To start, for this trip I flew into Kansas City. What I had forgotten was that the eastern portion of Kansas is actually quite green and full of rolling hills. As I headed out on the three-hour road trip to Lindsborg, I found my attention being grabbed by the landscape and the nearby attractions advertised along the way. The Flint Hills are gorgeous! Plus, what is the story about those zebras in the middle of a herd of cows? I need to know!
Part of me really wanted to turn off the highway and start exploring. But, I had to stick to my plan and make my vacation rental check in on time. However, it did leave me with an urge to plan a Kansas road trip with nothing but a car, a credit card, and a good guidebook.

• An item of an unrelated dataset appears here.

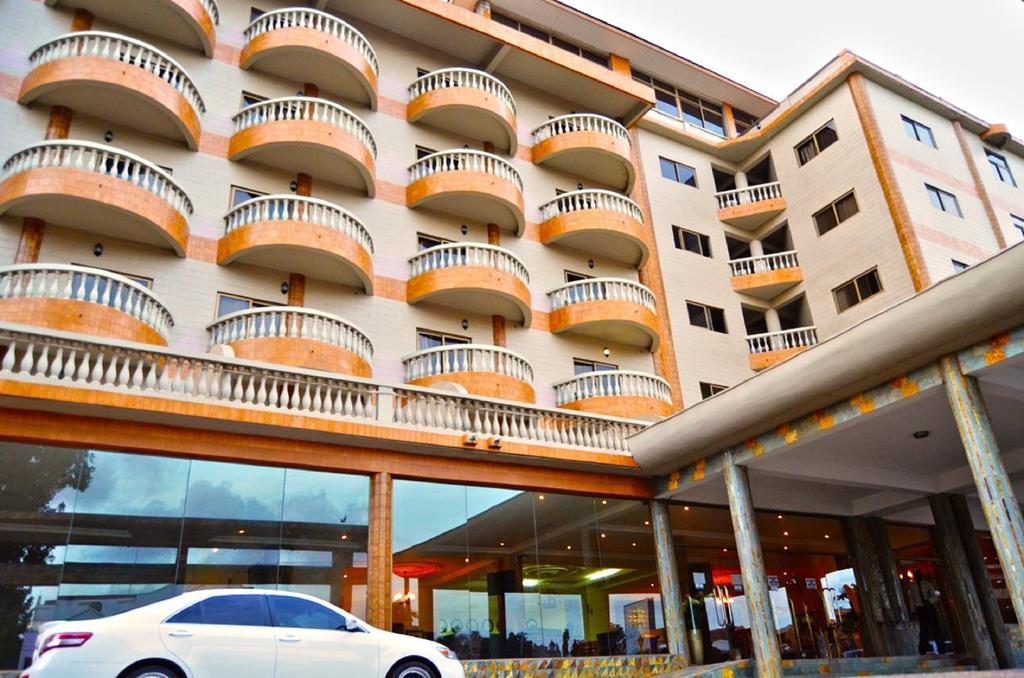 Mensvic Grand Hotel Άκρα Εξωτερικό φωτογραφία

As I turned off of I-70 towards Lindsborg Kansas, just 20 minutes south of Salina off I-135, I wasn’t sure what to expect. I had been invited to Wichita, Kansas for an “Instameet” sponsored by Travel Kansas and since they were flying me in for the event, it made sense to explore a little more of Kansas on the way. They suggested Lindsborg and I immediately turned to Google to learn more.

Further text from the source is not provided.